• **What to produce**: Here is the task for the records below: repeat exactly the lines from the one with "A Set of Four" to the one with "Sunset Photograph - Sunset", both included, and nothing else.

• **Short web captions**:
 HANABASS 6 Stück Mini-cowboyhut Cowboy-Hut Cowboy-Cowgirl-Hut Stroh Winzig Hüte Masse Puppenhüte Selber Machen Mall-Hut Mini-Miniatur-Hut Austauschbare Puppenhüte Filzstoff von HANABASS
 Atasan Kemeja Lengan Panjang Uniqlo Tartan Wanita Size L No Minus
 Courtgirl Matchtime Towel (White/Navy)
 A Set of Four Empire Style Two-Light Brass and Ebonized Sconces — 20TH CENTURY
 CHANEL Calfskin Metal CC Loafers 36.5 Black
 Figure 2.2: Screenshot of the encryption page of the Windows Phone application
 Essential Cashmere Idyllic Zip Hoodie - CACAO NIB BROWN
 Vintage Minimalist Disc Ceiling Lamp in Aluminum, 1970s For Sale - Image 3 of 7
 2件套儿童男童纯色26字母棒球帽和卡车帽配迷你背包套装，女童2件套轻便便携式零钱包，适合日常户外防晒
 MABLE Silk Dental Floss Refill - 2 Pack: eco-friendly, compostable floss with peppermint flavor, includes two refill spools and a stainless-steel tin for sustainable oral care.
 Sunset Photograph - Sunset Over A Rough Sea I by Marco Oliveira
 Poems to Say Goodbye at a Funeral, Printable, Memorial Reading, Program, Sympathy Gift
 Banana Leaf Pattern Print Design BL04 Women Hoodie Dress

• **Result of this task**:
 A Set of Four Empire Style Two-Light Brass and Ebonized Sconces — 20TH CENTURY
 CHANEL Calfskin Metal CC Loafers 36.5 Black
 Figure 2.2: Screenshot of the encryption page of the Windows Phone application
 Essential Cashmere Idyllic Zip Hoodie - CACAO NIB BROWN
 Vintage Minimalist Disc Ceiling Lamp in Aluminum, 1970s For Sale - Image 3 of 7
 2件套儿童男童纯色26字母棒球帽和卡车帽配迷你背包套装，女童2件套轻便便携式零钱包，适合日常户外防晒
 MABLE Silk Dental Floss Refill - 2 Pack: eco-friendly, compostable floss with peppermint flavor, includes two refill spools and a stainless-steel tin for sustainable oral care.
 Sunset Photograph - Sunset Over A Rough Sea I by Marco Oliveira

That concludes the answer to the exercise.